Puxuan Yu
2026
Code-Switching Information Retrieval: Benchmarks, Analysis, and the Limits of Current Retrievers
Qingcheng Zeng | Yuheng Lu | Zeqi Zhou | Heli Qi | Puxuan Yu | Fuheng Zhao | Hitomi Yanaka | Weihao Xuan | Naoto Yokoya
Findings of the Association for Computational Linguistics: ACL 2026
Qingcheng Zeng | Yuheng Lu | Zeqi Zhou | Heli Qi | Puxuan Yu | Fuheng Zhao | Hitomi Yanaka | Weihao Xuan | Naoto Yokoya
Findings of the Association for Computational Linguistics: ACL 2026
Code-switching is a pervasive linguistic phenomenon in global communication, yet modern information retrieval systems remain predominantly designed for, and evaluated within, monolingual contexts. To bridge this critical disconnect, we present a holistic study dedicated to code-switching IR. We introduce CSR-L (Code-Switching Retrieval benchmark-Lite), constructing a dataset via human annotation to capture the authentic naturalness of mixed-language queries. Our evaluation across statistical, dense, and late-interaction paradigms reveals that code-switching acts as a fundamental performance bottleneck, degrading the effectiveness of even robust multilingual models. We demonstrate that this failure stems from substantial divergence in the embedding space between pure and code-switched text. Scaling this investigation, we propose CS-MTEB, a comprehensive benchmark covering 11 diverse tasks, where we observe performance declines of up to 27%. Finally, we show that standard multilingual techniques like vocabulary expansion are insufficient to resolve these deficits completely. These findings underscore the fragility of current systems and establish code-switching as a crucial frontier for future IR optimization.
2025
Explain then Rank: Scale Calibration of Neural Rankers Using Natural Language Explanations from LLMs
Puxuan Yu | Daniel Cohen | Hemank Lamba | Joel R. Tetreault | Alejandro Jaimes
Findings of the Association for Computational Linguistics: ACL 2025
Puxuan Yu | Daniel Cohen | Hemank Lamba | Joel R. Tetreault | Alejandro Jaimes
Findings of the Association for Computational Linguistics: ACL 2025
In search settings, calibrating the scores during the ranking process to quantities such as click-through rates or relevance levels enhances a system’s usefulness and trustworthiness for downstream users. While previous research has improved this notion of calibration for low complexity learning-to-rank models, the larger data demands and parameter count specific to modern neural text rankers produce unique obstacles that hamper the efficacy of methods intended for the learning-to-rank setting.This paper proposes exploiting large language models (LLMs) to provide relevance and uncertainty signals for these neural text rankers to produce scale-calibrated scores through Monte Carlo sampling of natural language explanations (NLEs).
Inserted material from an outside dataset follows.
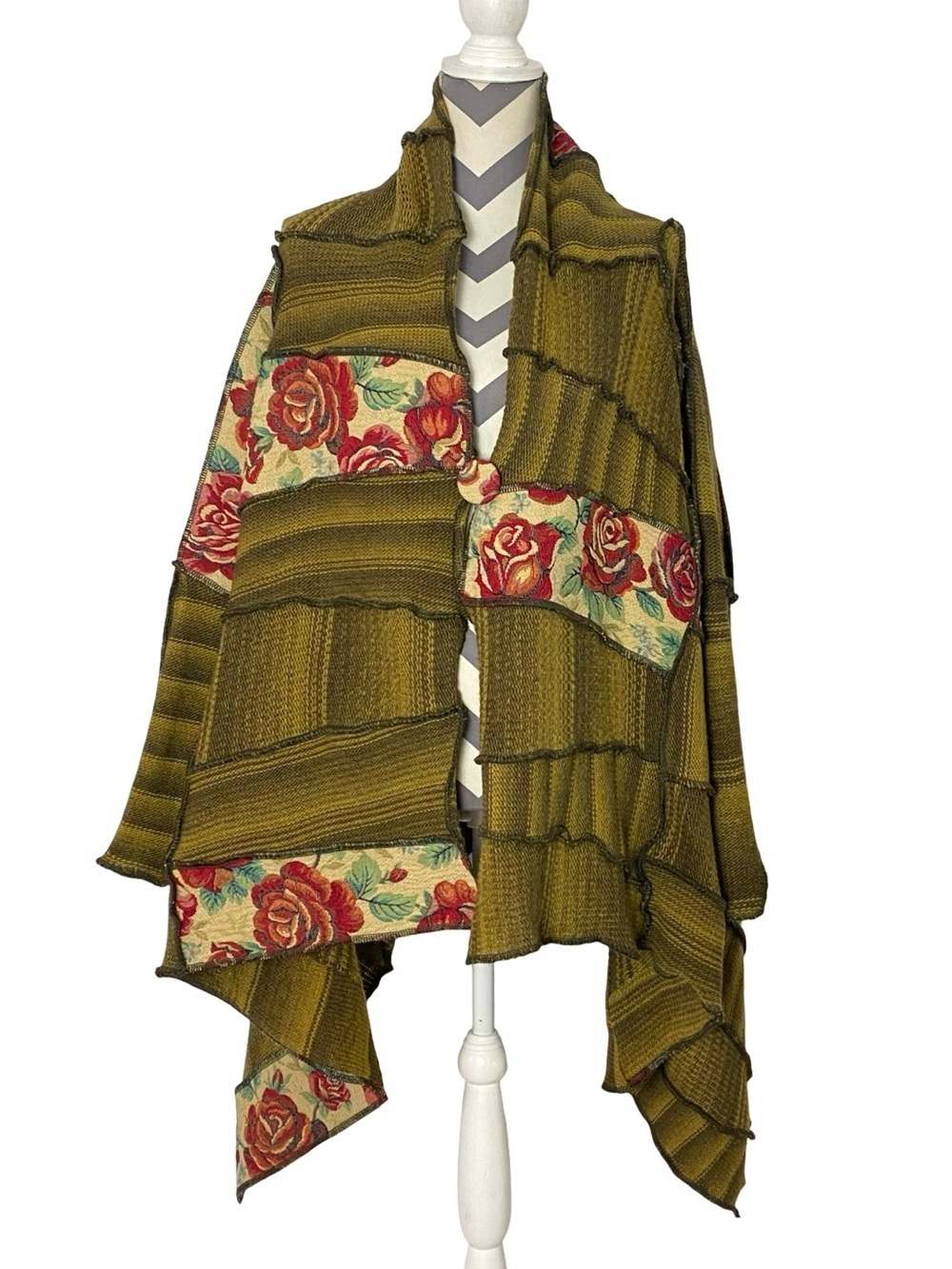 Axel Hardy Patchwork Cardigan Sweater Womens Size Large XL Swing Tapestry Floral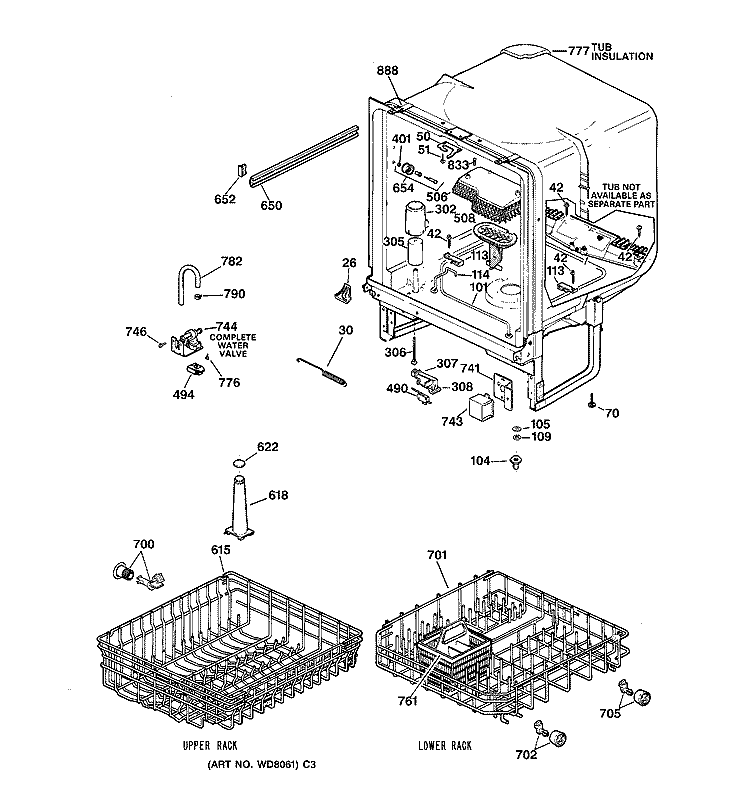 BODY PARTS Diagram and Parts List for GSD3610ZZ4AA  General Electric Dishwasher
Our approach transforms the neural ranking task from ranking textual query-document pairs to ranking corresponding synthesized NLEs. Comprehensive experiments on two popular document ranking datasets show that the NLE-based calibration approach consistently outperforms past calibration methods and LLM-based methods for ranking, calibration, and query performance prediction tasks.
2024
Language Concept Erasure for Language-invariant Dense Retrieval
Zhiqi Huang | Puxuan Yu | Shauli Ravfogel | James Allan
Proceedings of the 2024 Conference on Empirical Methods in Natural Language Processing
Zhiqi Huang | Puxuan Yu | Shauli Ravfogel | James Allan
Proceedings of the 2024 Conference on Empirical Methods in Natural Language Processing
Multilingual models aim for language-invariant representations but still prominently encode language identity. This, along with the scarcity of high-quality parallel retrieval data, limits their performance in retrieval. We introduce LANCER, a multi-task learning framework that improves language-invariant dense retrieval by reducing language-specific signals in the embedding space. Leveraging the notion of linear concept erasure, we design a loss function that penalizes cross-correlation between representations and their language labels. LANCER leverages only English retrieval data and general multilingual corpora, training models to focus on language-invariant retrieval by semantic similarity without necessitating a vast parallel corpus. Experimental results on various datasets show our method consistently improves over baselines, with extensive analyses demonstrating greater language agnosticism.